** Entries supplied **
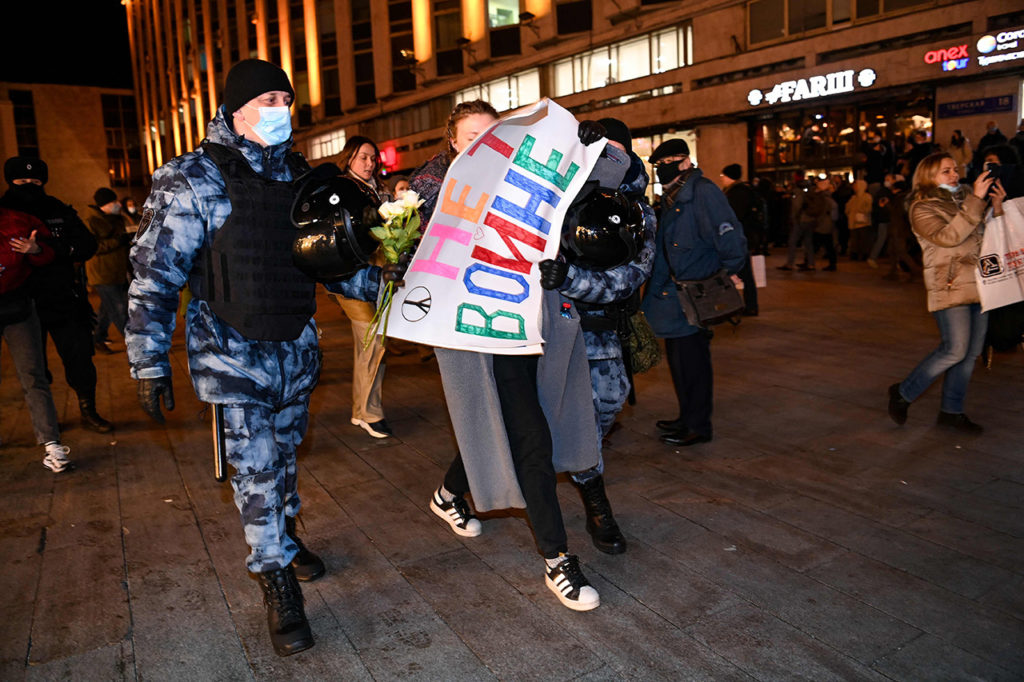 Антивоенные акции протеста в Москве в первый день полномасштабной войны: полицейские задерживают протестующих, 24 февраля 2022 года. 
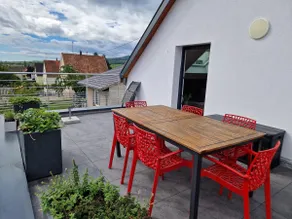 Beautiful 100 m² air-conditioned apartment with terrace - Image 5
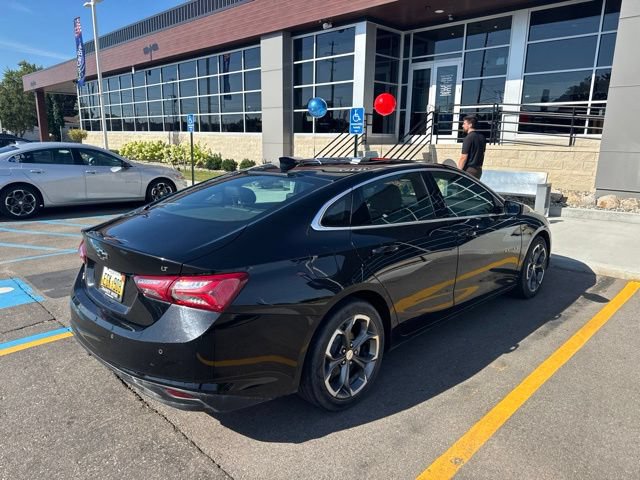 Used 2022 Chevrolet Malibu LT w/ Leather Package FWD image 5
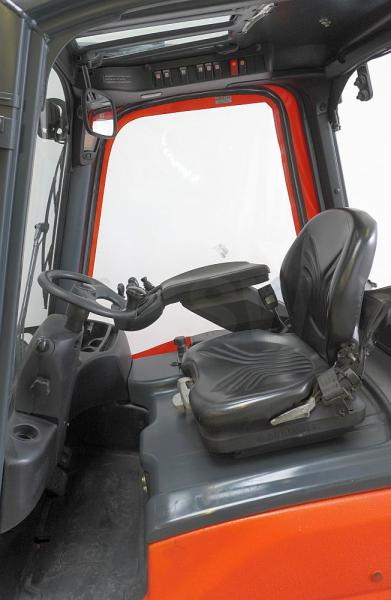 Linde E 16 L 386 - Electric forklift: picture 3 Linde E 16 L 386 - Electric forklift: picture 3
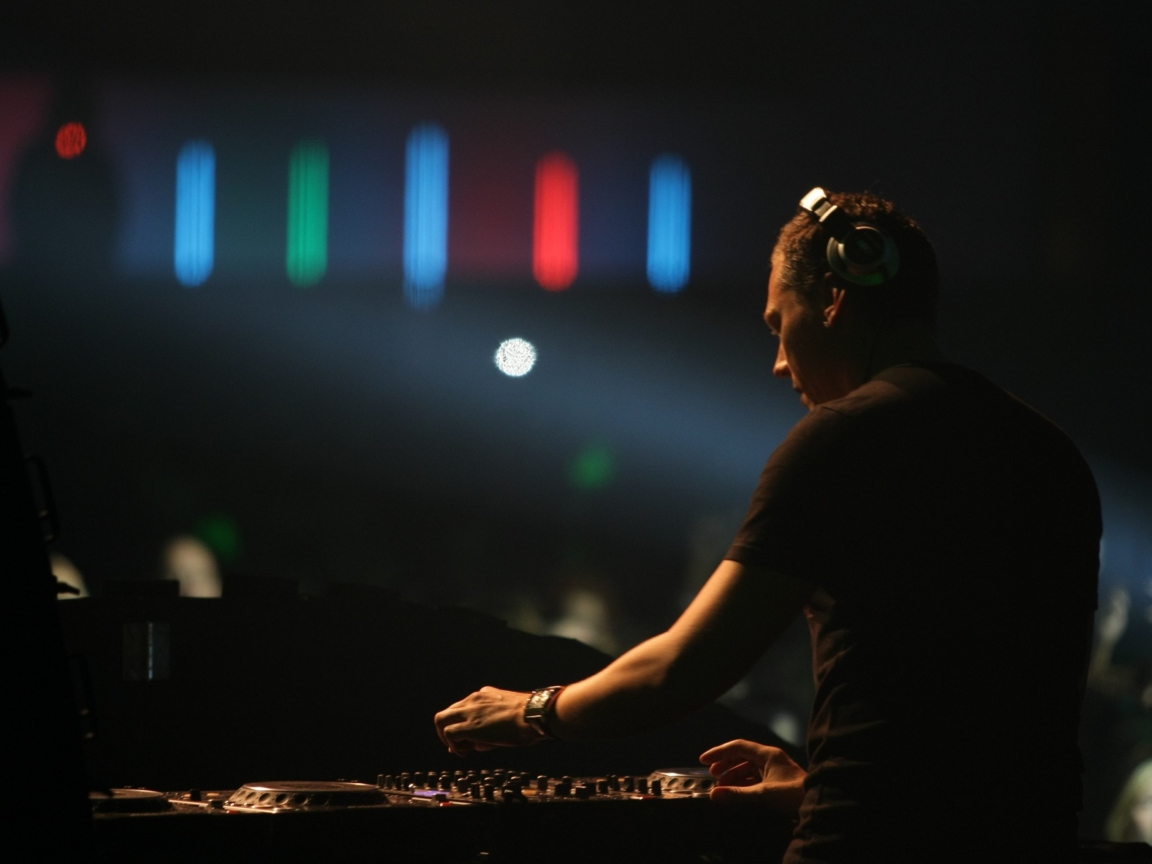 Das DJ Tiesto Wallpaper 1152x864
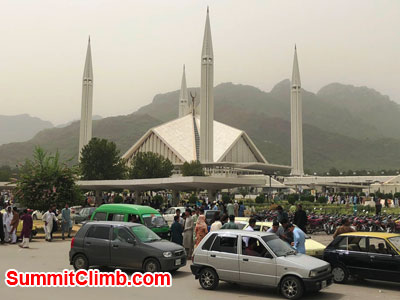 Metro bus in Islamabad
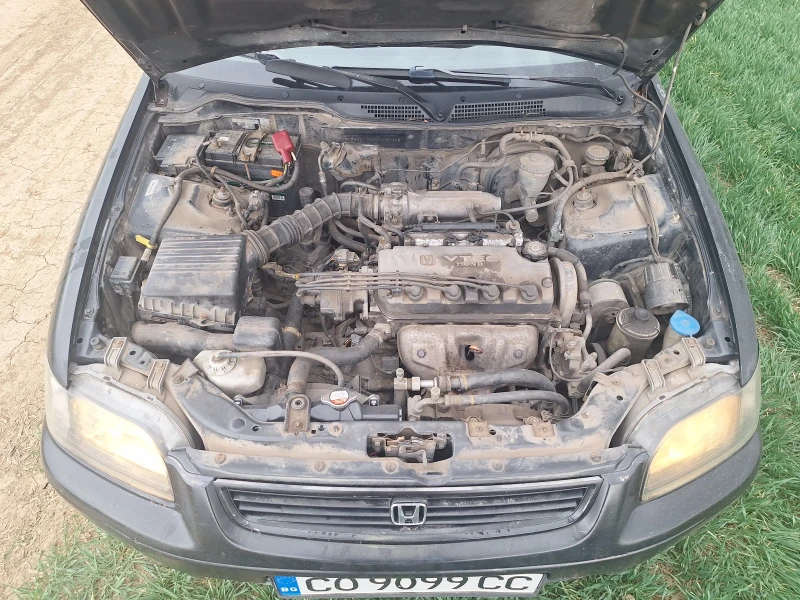 Honda Civic 1.6 Vtec 125 hp, снимка 7 - Автомобили и джипове - 49516732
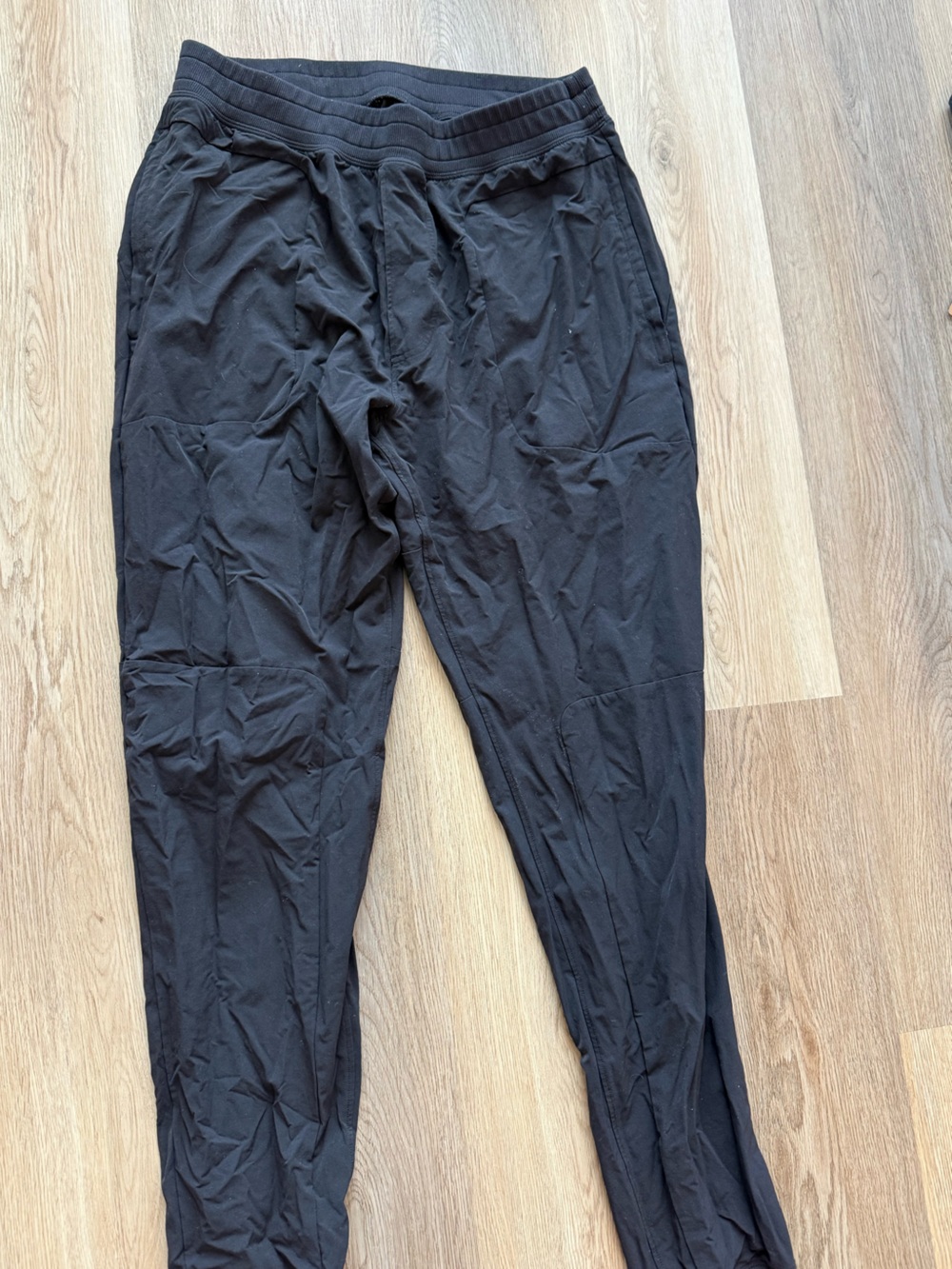 ALO Yoga women’s Black Performance Joggers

** What you have to do **
Reproduce the records above exactly, excluding every picture.

** Your response **
 Антивоенные акции протеста в Москве в первый день полномасштабной войны: полицейские задерживают протестующих, 24 февраля 2022 года. 
 Beautiful 100 m² air-conditioned apartment with terrace - Image 5
 Used 2022 Chevrolet Malibu LT w/ Leather Package FWD image 5
 Linde E 16 L 386 - Electric forklift: picture 3 Linde E 16 L 386 - Electric forklift: picture 3
 Das DJ Tiesto Wallpaper 1152x864
 Metro bus in Islamabad
 Honda Civic 1.6 Vtec 125 hp, снимка 7 - Автомобили и джипове - 49516732
 ALO Yoga women’s Black Performance Joggers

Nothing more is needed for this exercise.